Description of the task: Could the data below be printed out exactly, with the pictures left out?

Data segment:
=-=-=
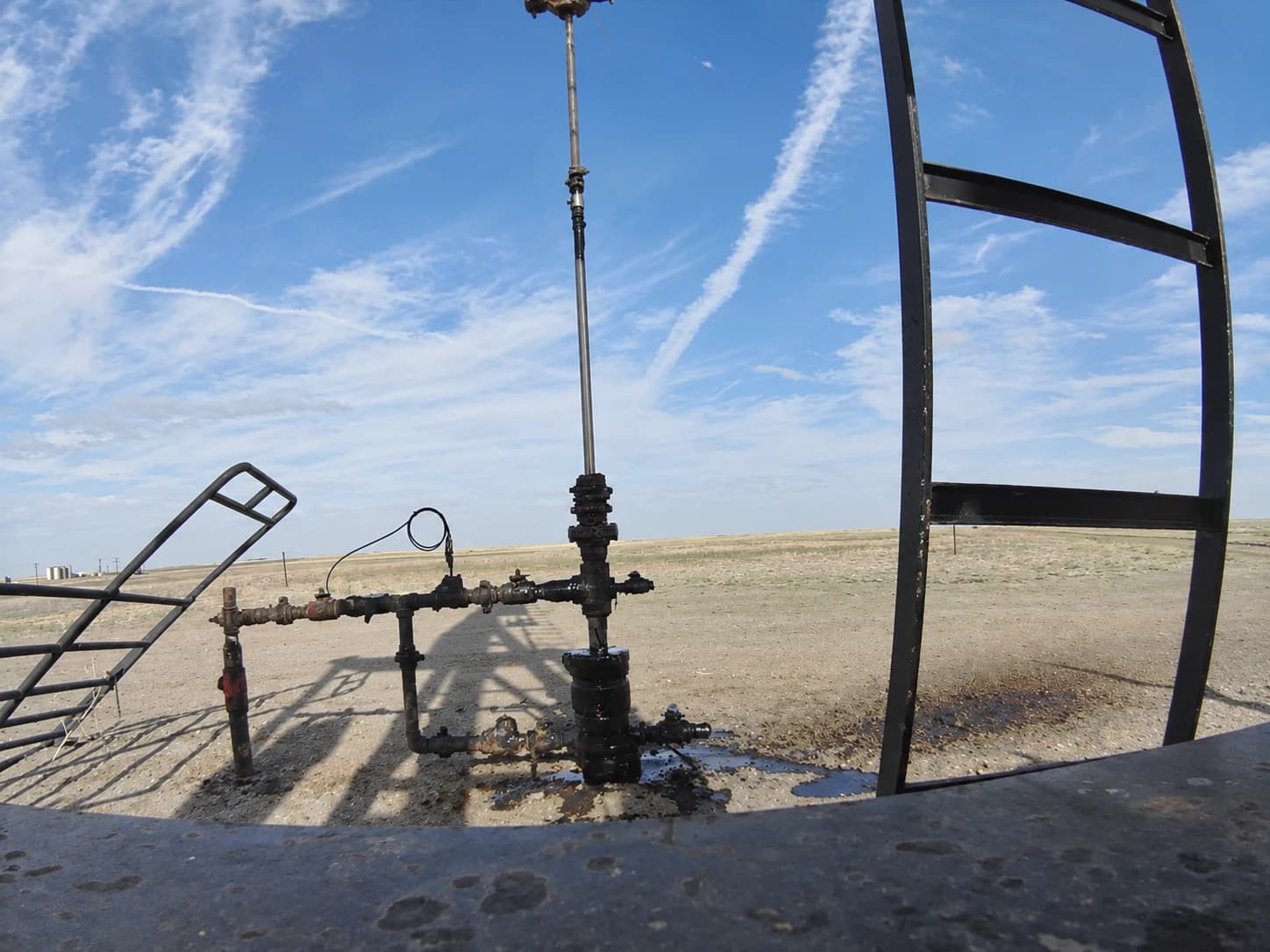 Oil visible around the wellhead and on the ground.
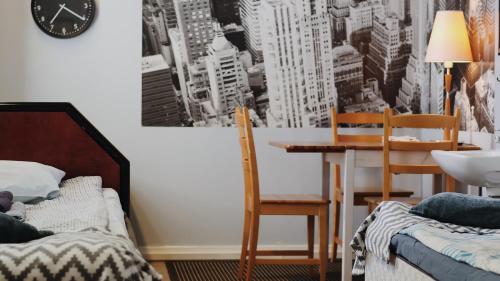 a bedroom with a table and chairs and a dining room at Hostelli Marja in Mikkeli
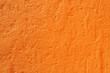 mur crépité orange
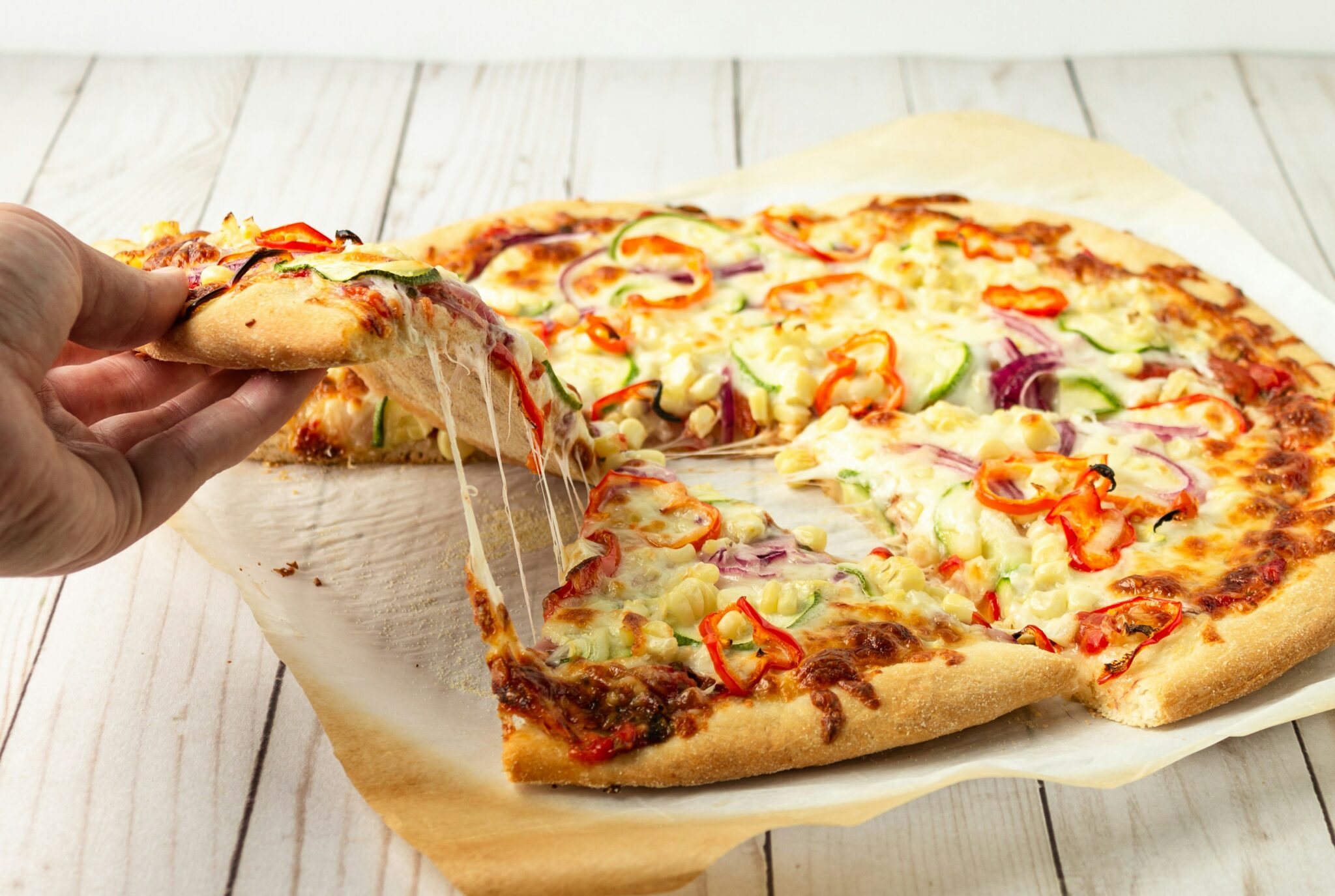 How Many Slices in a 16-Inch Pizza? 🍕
=-=-=
Response area:
 Oil visible around the wellhead and on the ground.
 a bedroom with a table and chairs and a dining room at Hostelli Marja in Mikkeli
 mur crépité orange
 How Many Slices in a 16-Inch Pizza? 🍕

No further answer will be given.